Another frustration I have always had is the rules different schools have about the age at which children may enter.

In my school years, I was an anomaly in this. I started school at four and turned five in the middle of my Grade 1 year. I remember when I changed schools the issue of my age was a big deal at the school as I was two years younger than most of the children in my class. This was after being made to repeat a grade I had already done at another school. This was bearable until, when I was due to attend high school, teachers again called my parents and tried to argue that because of my age, I should be held back again and do another year of primary school. My mother’s response was to ask them if I had passed the grade and if I was coping well with the current work and current age group. Their answer to both was yes, but they argued that based on my age, they were worried that I would struggle to fit in to high school.

My mother refused, and as a result I went to high school and went on to pass every grade with no problems until I reached matric. I did so well academically that by the time I turned 21, I was in the middle of my honours year at University.
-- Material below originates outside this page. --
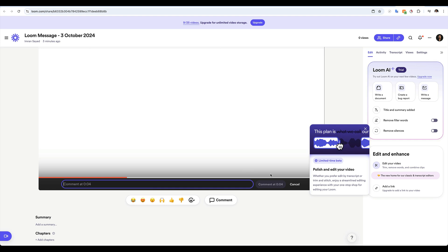Whoever you share this link with will be able to get access to your video. That's how simple it is. Thanks a lot. Take care and all the best for your first assignment. Bye.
It was again with shock that I received an e-mail from a private school informing me that they had received my daughter’s application form, but they would only place the form with applications for the next year as they have strict rules about age entry into the school. I called the school and asked the admissions lady to explain to me how the law of South Africa stipulates that “Children can be accepted in Grade R in the year they turn five and in Grade One in the year they turn six” but their school does not seem to follow this rule. Her reply at every turn was that they are a private school and have their own rules about the age of entry. I have requested a meeting with the principal and hope to finally sort out the issue of age of entry when we meet.

The issues raised above concern me because I see a school system that has not changed in more than 20 years.

Ours is a country that prides itself on celebrating diversity and yet it seems our institutions of education have not caught up with this.

How do we expect to raise and educate a generation that celebrates diversity in all its forms when the very institutions that are tasked with this job, reject any divergence from the “norm”?

l Ngoasheng is a Cape Town-based writer, social commentator and mother of one.